Agent response synthesizing API rate limit information from both Mintlify and Cursor documentation

What’s so cool is that I never told it explicitly “search both Mintlify and Cursor for this question“ or told it anything more than where to find the servers. It figured out from the question that it needed information from both sources, searched them independently, and synthesized the results.

The bottom line

MCP is still early, and the debugging experience reflects that. You’ll hit rough edges that don’t exist with traditional APIs. But when it works, it’s genuinely useful, especially for adaptive AI workflows where you want the LLM to discover and orchestrate tools on its own. It’s funny how quickly I want from “why do I even want MCP?” to “what? You don’t have an MCP server for that??”.
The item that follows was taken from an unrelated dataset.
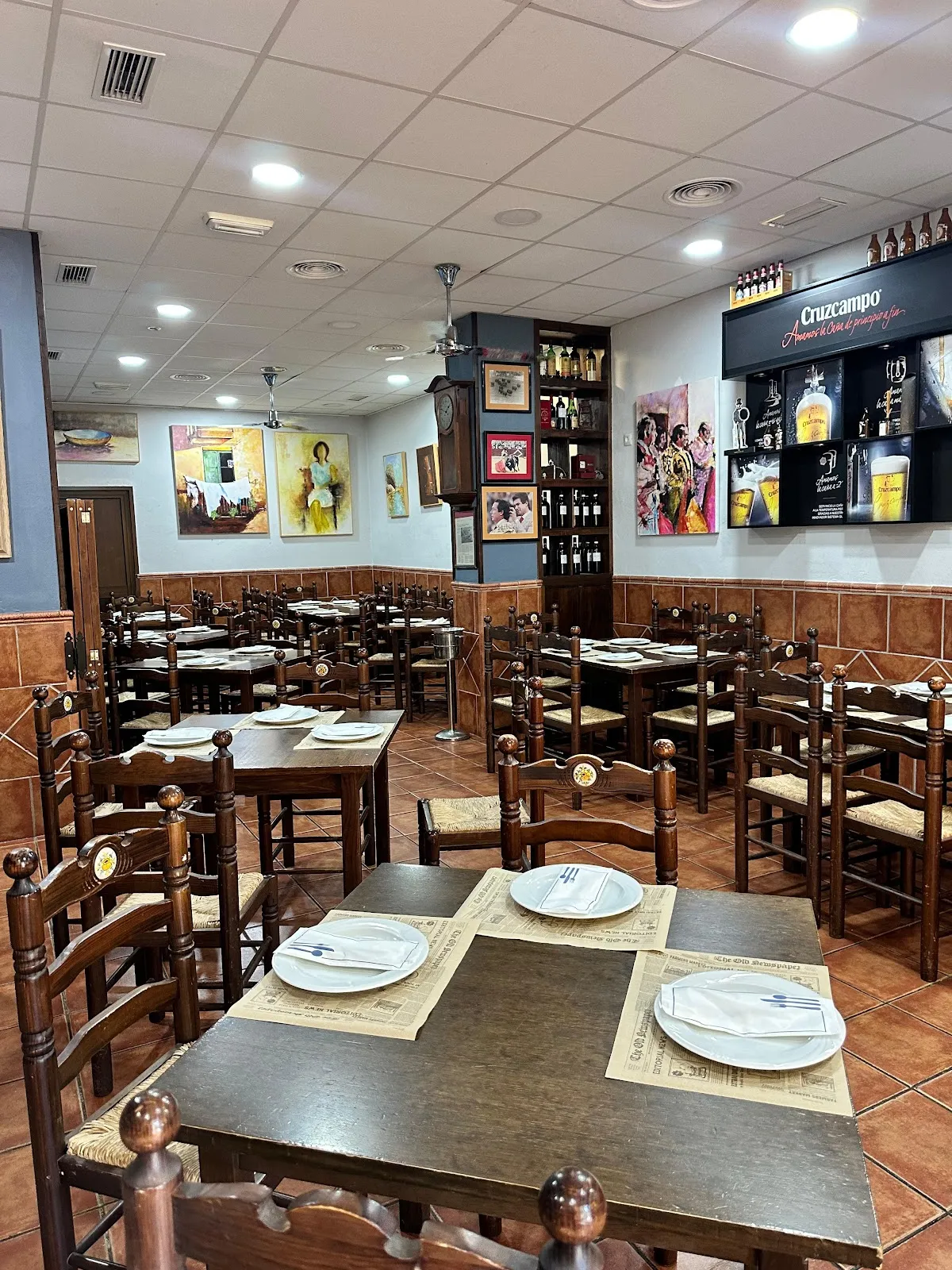CervecerĂa La Rosaleda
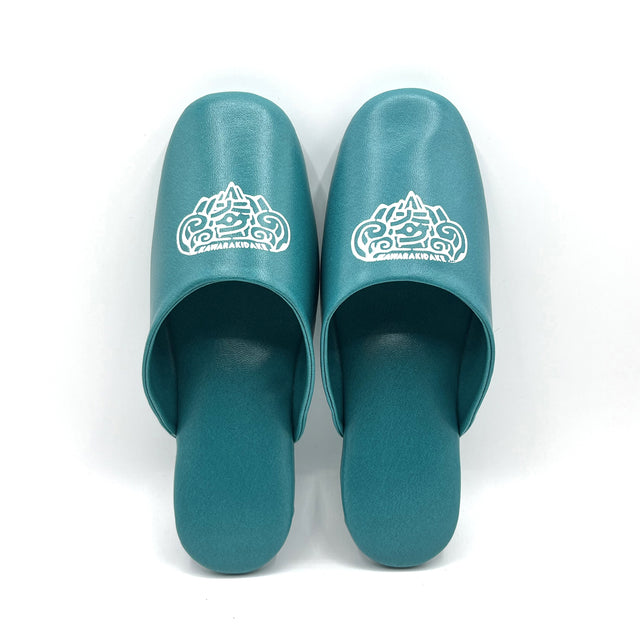 KAWARAKIDAKE "RAIHIN SLIPPER" SIZE:M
Side notes: auth and debugging

Auth

One thing you might notice is that some MCP tools require authentication to external APIs. With MCP, authentication is just another fill-in-the blank; the MCP server tells the client which credentials it needs, and the client provides them for the server to then handle the actual auth.

Interactive clients like Cursor or Claude can prompt you for API keys or other credentials when needed. If you’re building your own programmatic agent that needs credentials, you’d need to provide them upfront. You can handle this by passing authentication headers when creating the MCP client:

self.writer_client = MCPClient(
    lambda: streamablehttp_client("https://dev.writer.com/mcp",
        headers={"Authorization": f"Bearer {writer_api_key}"}))

This is one area where the MCP ecosystem is actively evolving. The MCP specification now includes comprehensive OAuth 2.1 support for HTTP-based transports, with proper authorization flows, dynamic client registration, and standardized discovery mechanisms. However, the practical reality varies significantly between different implementations.

Debugging

When things go wrong (and they will), you don’t have as many options for debugging as you typically would when working with traditional APIs, especially if the MCP server is hosted remotely.

Available now:

  • curl for protocol-level debugging

  • MCP Inspector for local development

  • Server capability inspection via HTTP

  • Client-side logs (if your client exposes them)

The community is working on better tooling like MCP DevTools, protocol analyzers, and VS Code extensions that are being developed for MCP debugging. The ecosystem is moving fast, so hopefully the debugging experience will improve significantly over the next few months. I’m really excited about the new tooling around observability being added to the overall AI ecosystem.


  1. Mintlify has been very forward-thinking about AI integration, with MCP servers and several other AI-first features. Instead of treating AI integration as an afterthought, they’ve made it a core feature. It’s particularly useful when you’re building agents that need to work across multiple tools and platforms, like the research agent we built above.